Right, that makes sense. What interests me is (a) whether it is possible for Clippy to be properly motivated to make paperclips without some sort of phenomenology of pleasure and pain*, (b) whether human preference-for-preference-satisfaction is just another of many oddball human terminal values, or is arrived at by something more like a process of reason.
Strictly speaking this phrasing puts things awkwardly; my intuition is that the proper motivational algorithms necessarily give rise to phenomenology (to the extent that that word means anything).
it is possible for Clippy to be properly motivated to make paperclips without some sort of phenomenology of pleasure and pain
This is a difficult question, but I suppose that pleasure and pain are a mechanism for human (or other species’) learning. Simply said: you do a random action, and the pleasure/pain response tells you it was good/bad, so you should make more/less of it again.
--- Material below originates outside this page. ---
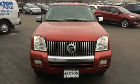Take command of the road in the 2006 Mercury Mountaineer. All of the following features are included.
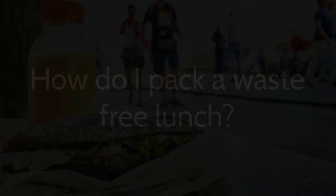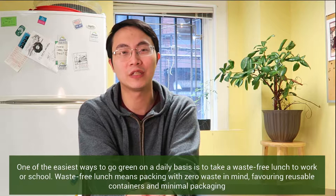Welcome to FAQ Friday. One of the easiest ways to go green on a daily basis is to take a waste-free lunch to work or school. Waste-free lunch means packing with zero waste in mind, favoring reusable containers and minimal packaging. Here are some quick tips to get you started.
Clippy could use an architecture with a different model of learning. For example Solomonoff priors and Bayesian updating. In such architecture, pleasure and pain would not be necessary.
but I suppose that pleasure and pain are a mechanism for human (or other species’) learning.
Interesting… I suspect that pleasure and pain are more intimately involved in motivation in general, not just learning. But let us bracket that question.
Clippy could use an architecture with a different model of learning. For example Solomonoff priors and Bayesian updating. In such architecture, pleasure and pain would not be necessary.
Right, but that only gets Clippy the architecture necessary to model the world. How does Clippy’s utility function work?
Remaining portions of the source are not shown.